ABSTRACT

Making and assembling produce an odd pairing of terms. Making derives from the short vocalization ‘mek’ from an Anglo-Saxon word, and hearkens to the Germanic verb ‘machen’ meaning to do or to make. It has both a universal application, in the sense that everyone from children to adults makes sound, while on the other hand, it aligns with specialists who form unique or distinctive works, such as a fine machine or a beautiful painting. Making, or doing, also leads us directly to processes whereby materials become transformed by an action, such as a person making a cocktail or the weather making us feel hot. On the other hand, assembling is Latinate, as with the French verb ‘assembler’, in English also to assemble, as in the putting together or gathering of people, objects or things.
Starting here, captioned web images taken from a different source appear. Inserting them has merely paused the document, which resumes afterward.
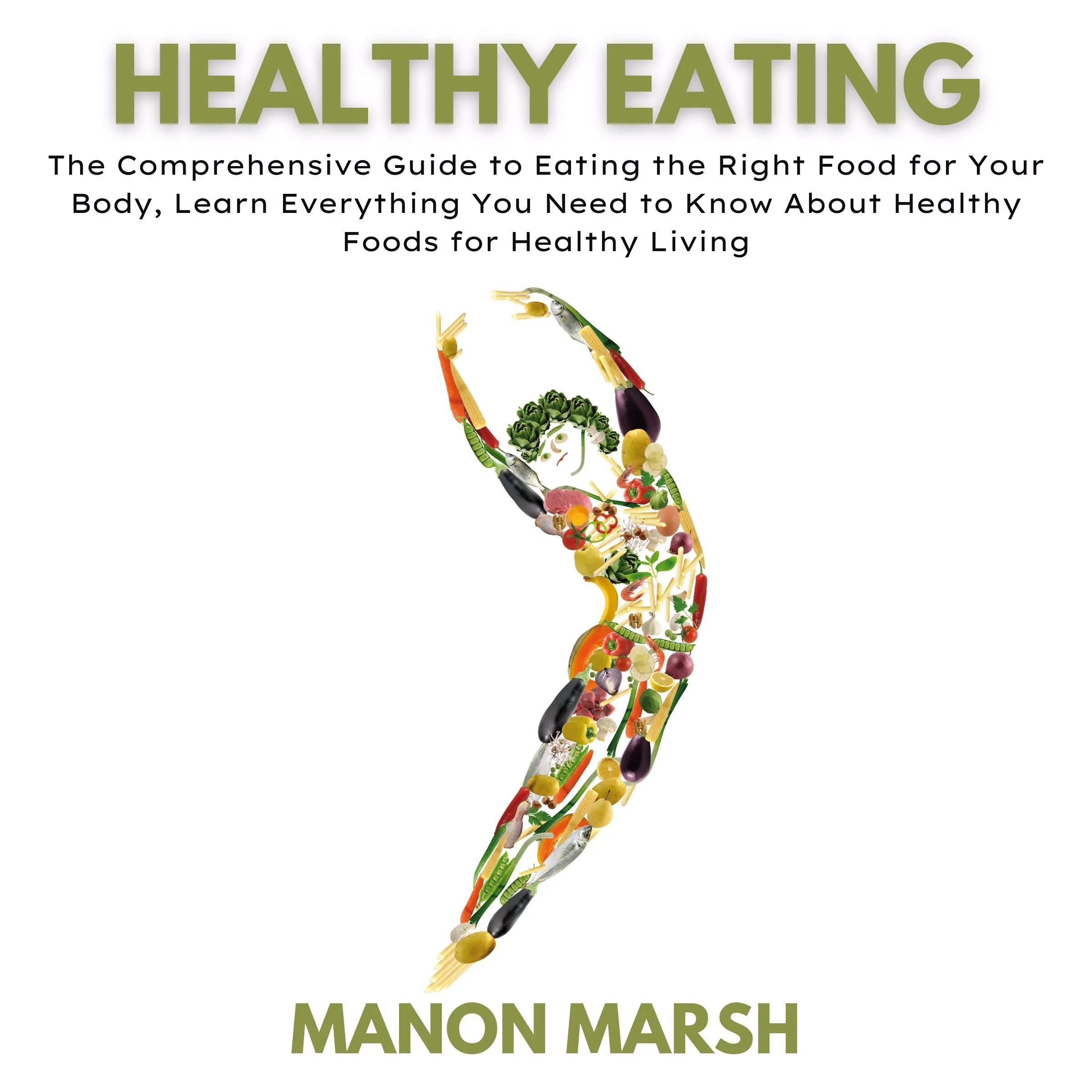 Healthy Eating Audiobook by Manon Marsh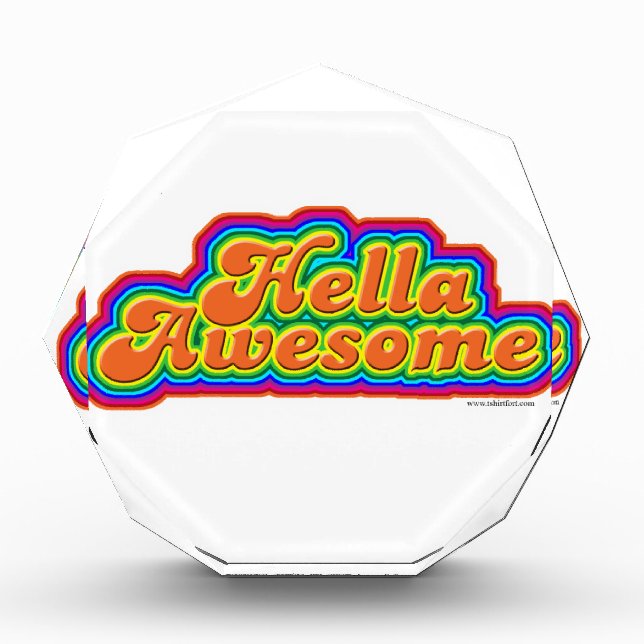 Hella Awesome Cheeky Fun Motto Art Award (Front)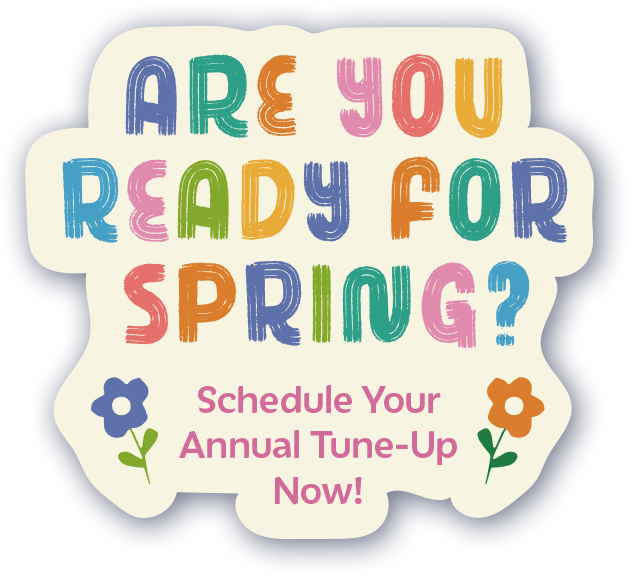 Are You Ready for Spring? Schedule Your Annual Tune- Up Now!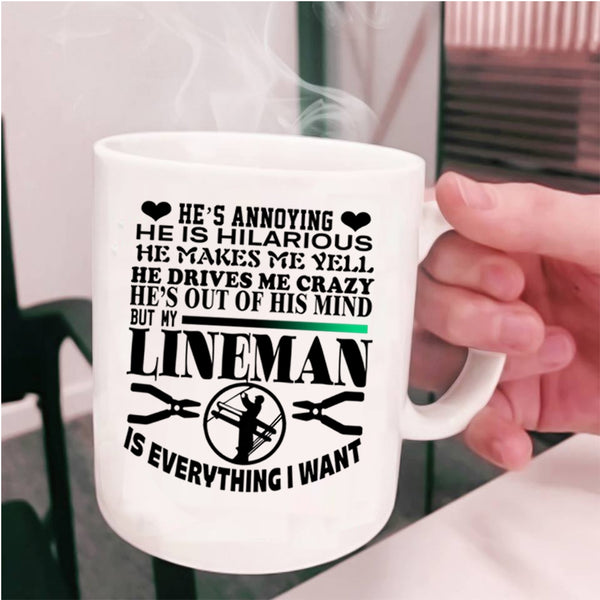 I Love My Linemen Coffee Mug, My Lineman Is Everything I Want Cup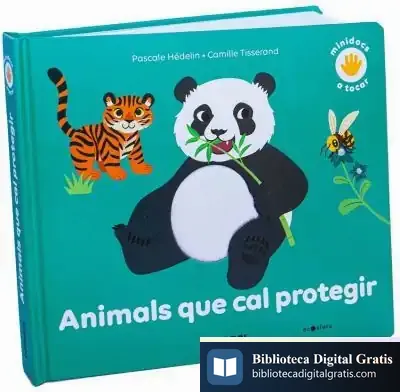 Descargar Animals Que Cal Protegir de Pascale Hédelin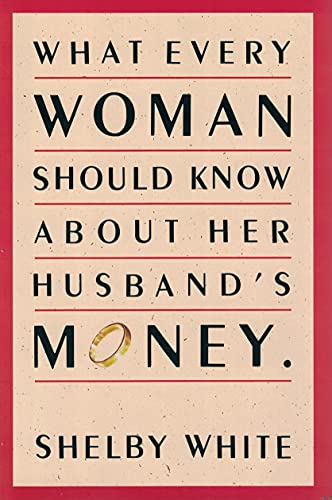 

What Every Woman Should Know about Her Husband's Money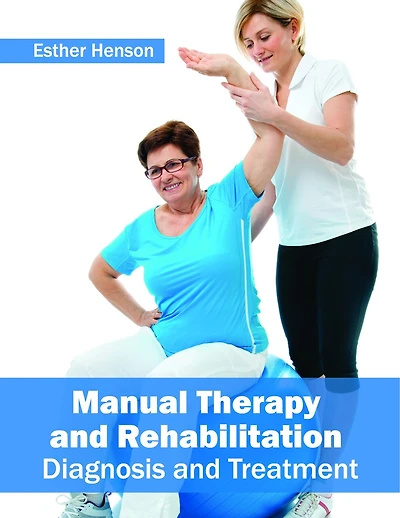 Manual Therapy And Rehabilitation: Diagnosis And Treatment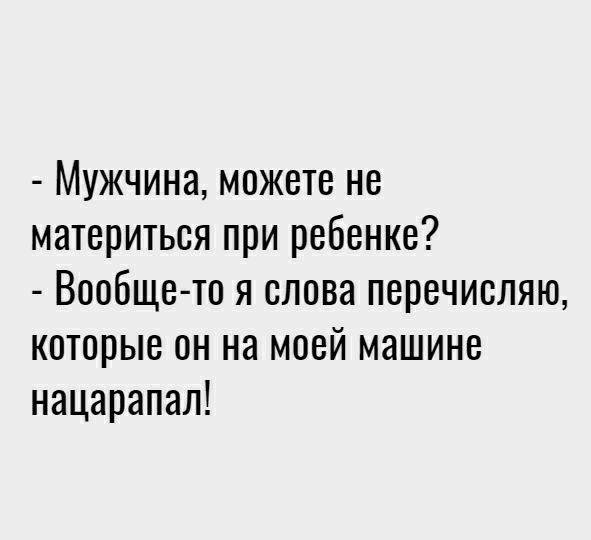 Мужчина можете не материться при ребенке Вообще то я слова перечисляю которые он на моей машине нацарапал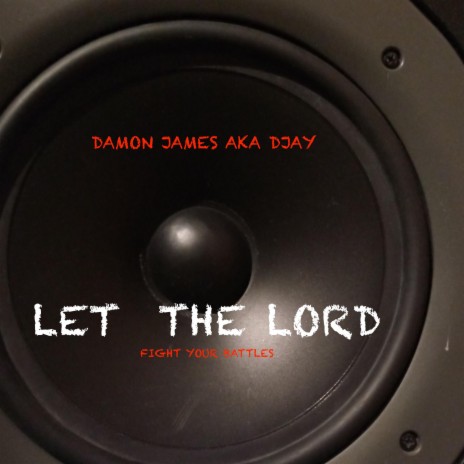 Let The LORD ft. Cj Sunshine | Boomplay Music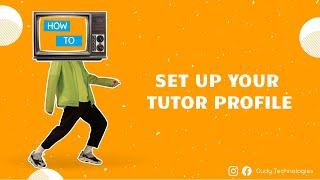 How to Set Up Your Tutor Profile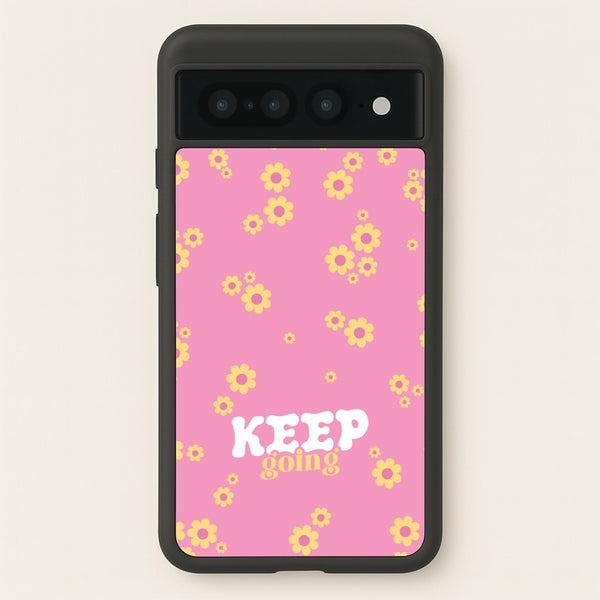 Keep Going - Quotes Phone Case for Google Pixel 7 Pro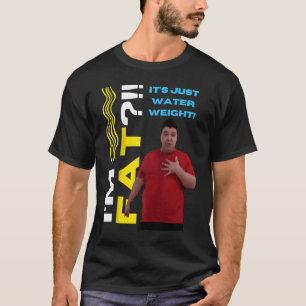 Gewicht Diät Wasser Fett Nikocado Avocado Meme Sch T-Shirt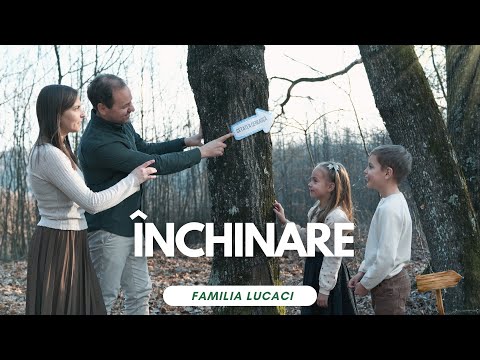 Închinare  | Familia Lucaci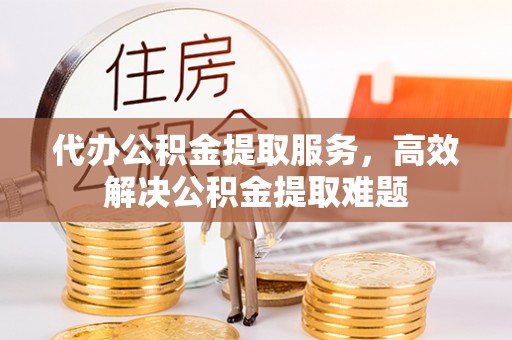 新建代办公积金提取服务，高效解决公积金提取难题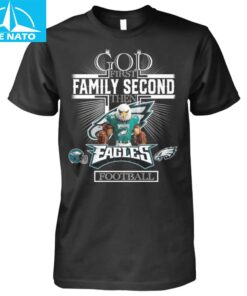 Philadelphia Eagles God First Family Second Football Shirt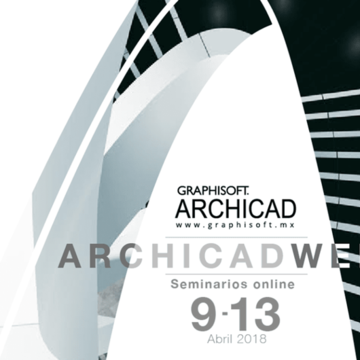 Seminarios Gratuitos ArchiCAD Week Abril 2018 de Graphisoft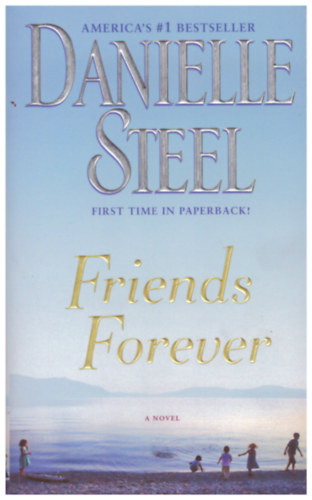 Danielle Steel - Friends Forever
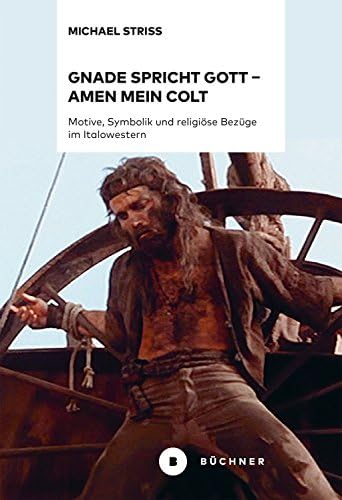 Gnade spricht Gott – Amen mein Colt: Motive, Symbolik und religiöse Bezüge im Italowestern (German Edition)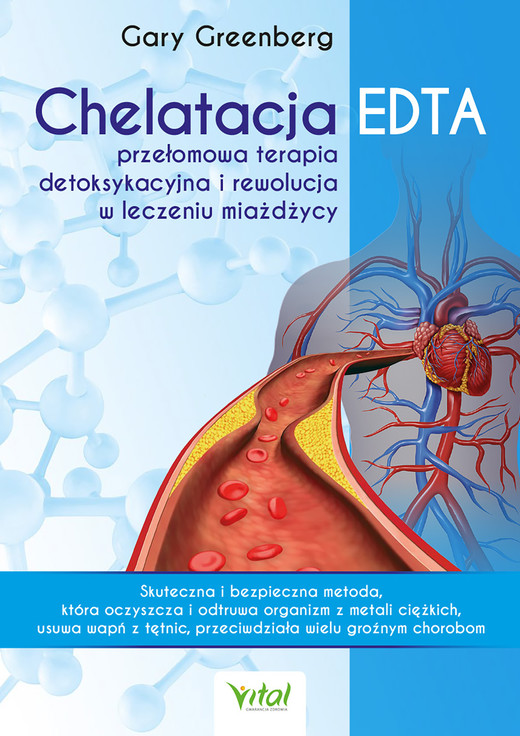 okładka Chelatacja EDTA – przełomowa terapia detoksykacyjna i rewolucja w leczeniu miażdżycy - PDF ebook | pdf | Gary Greenberg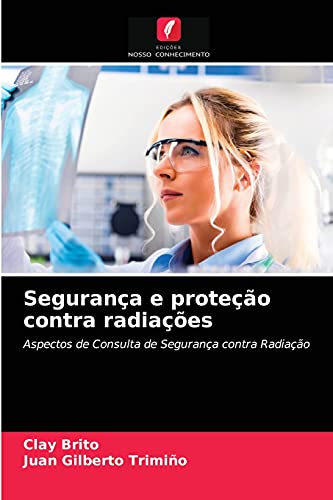 Beispielbild fr Segurana e proteo contra radiaes (Portuguese Edition) zum Verkauf von Lucky's Textbooks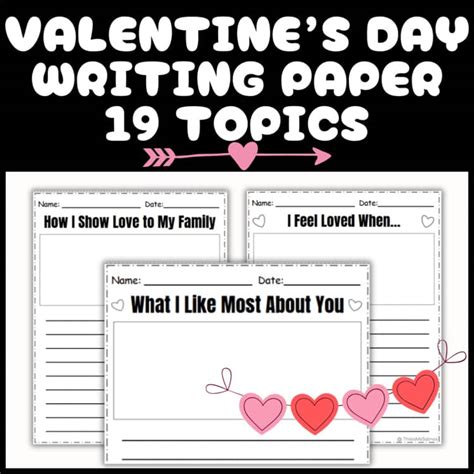 VALENTINE'S DAY / 19 VALENTINE THEMED WRITING PAPER WITH TOPICS | TPT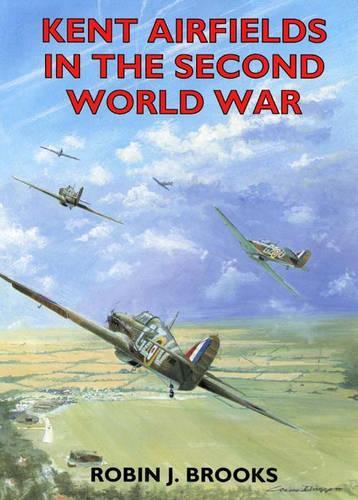Kent Airfields in the Second World War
Etymologically, this latter term relates then to the important notion of ‘assembly’ as a site of public cultural enactment, as well as to the assembly line of Fordist manufacturing. We might also have a more prosaic view of assembling in contemporary culture when we consume the plasticity of a robotics toy, a piece of IKEA furniture, or a Facebook page. Thus, we might conceive of a sharp contrast between making and assembling as methods, in the sense that making suggests creating, and something more primal, fashioned even from mud, whereas assembling tends towards order, and something more civilized, or institutional. We do not assert this dichotomy in any cultural hierarchy because we prefer to examine these terms operating in relation to one another, and as moving generatively between the social and linguistic, or human and non-human, in contemporary research.